Michael Friedman: How has the change in government affected teachers? Mario Quintana First, the government has the idea that those teachers who worked during the ten or eleven years of Sandinista government were causes of student politicization. This has meant that many teachers who occupied positions of responsibility in the Ministry of Education (MED), or simply taught class, have had various contradictions with the Ministry of Education.

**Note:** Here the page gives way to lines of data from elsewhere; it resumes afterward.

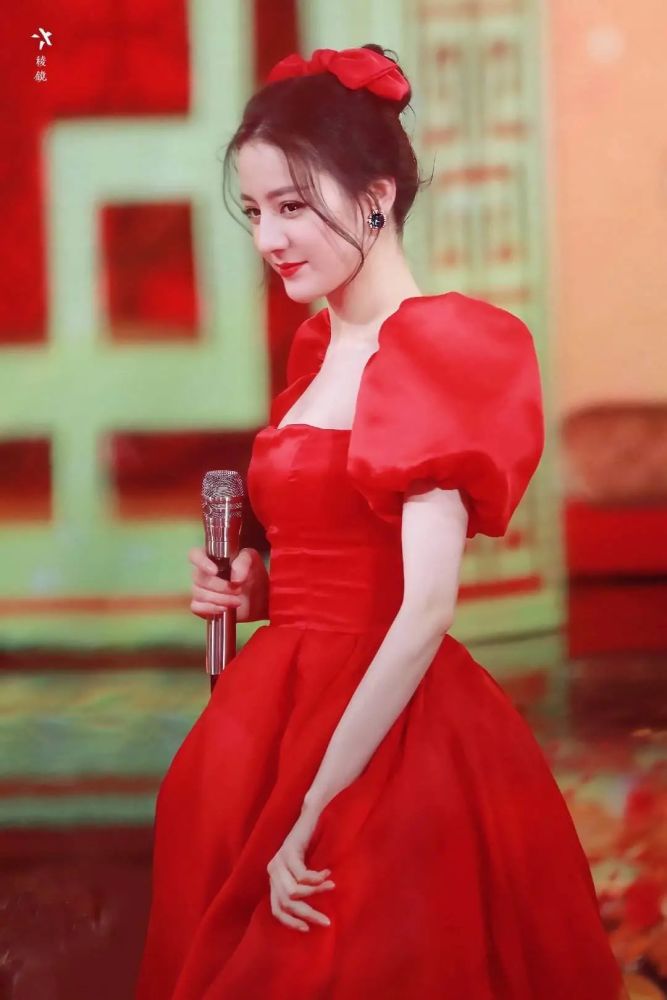 热巴“玫瑰庄园”照百看不厌！玫瑰裙夺目耀眼唯美霸气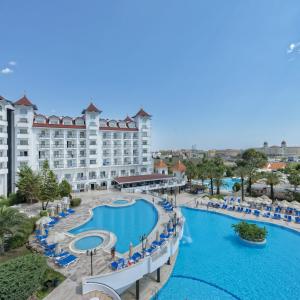 отель Serenis Hotel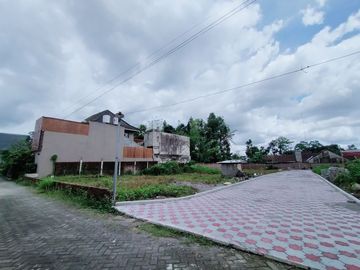 Rumah Dalam Cluster Dekat Uii, 700 Juta-an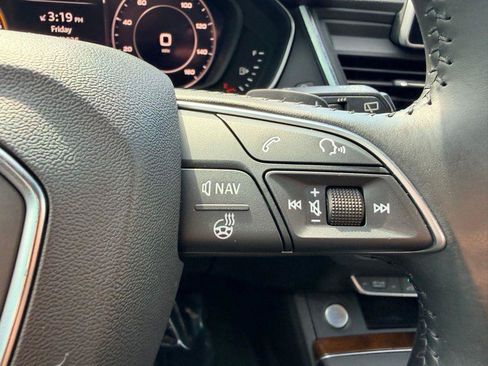 Used 2020 Audi Q5 e Premium Plus w/ Premium Plus Package AWD/4WD image 37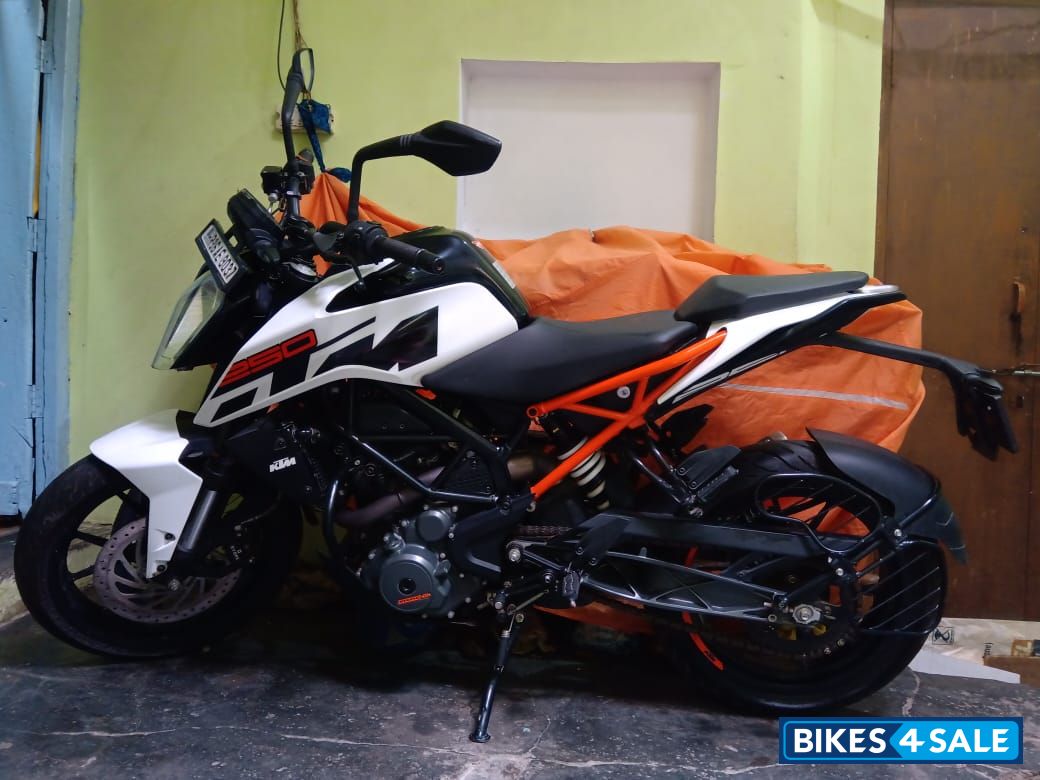 ktm duke 250 white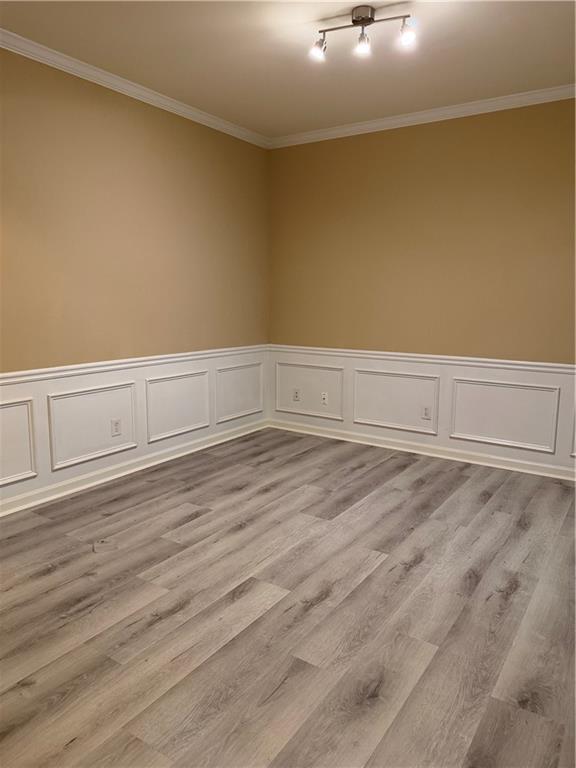 Photo - 1646 Hedington Ct SE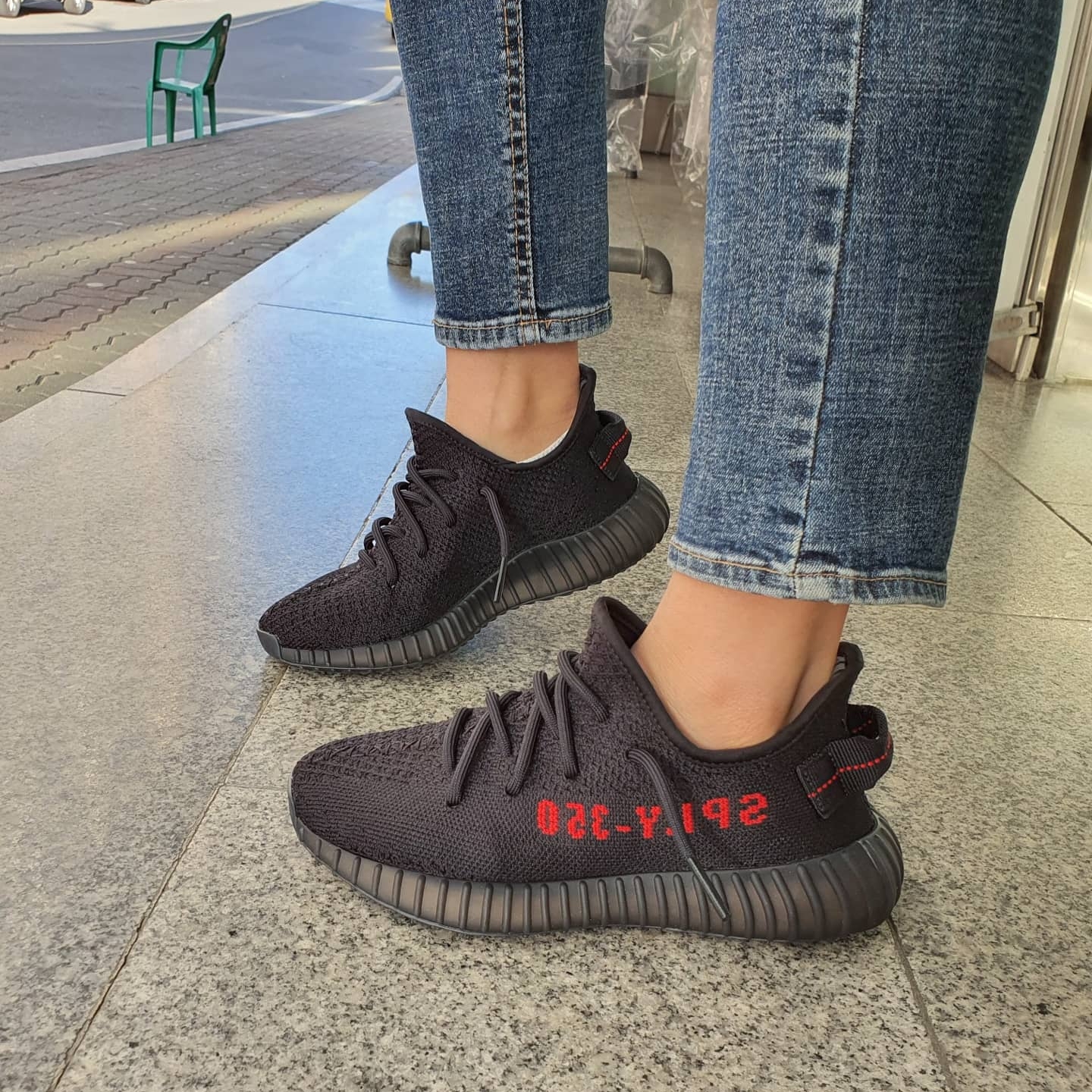 Adidas Yeezy Boost 350 V2 Black Red 2020 착용 스타일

Norman Garcia, a member of our National Executive Committee and the Teachers Union’s General Secretary in the Education Ministry headquarters, was fired precisely because of these contradictions. We don’t have a complete list, but we’re sure there are over 1000 cornpaneros who have been fired nationwide. And there are even greater numbers who have not been fired, but have been relocated, including teachers who have been transferred from semi-urban areas to the depths of the mountains.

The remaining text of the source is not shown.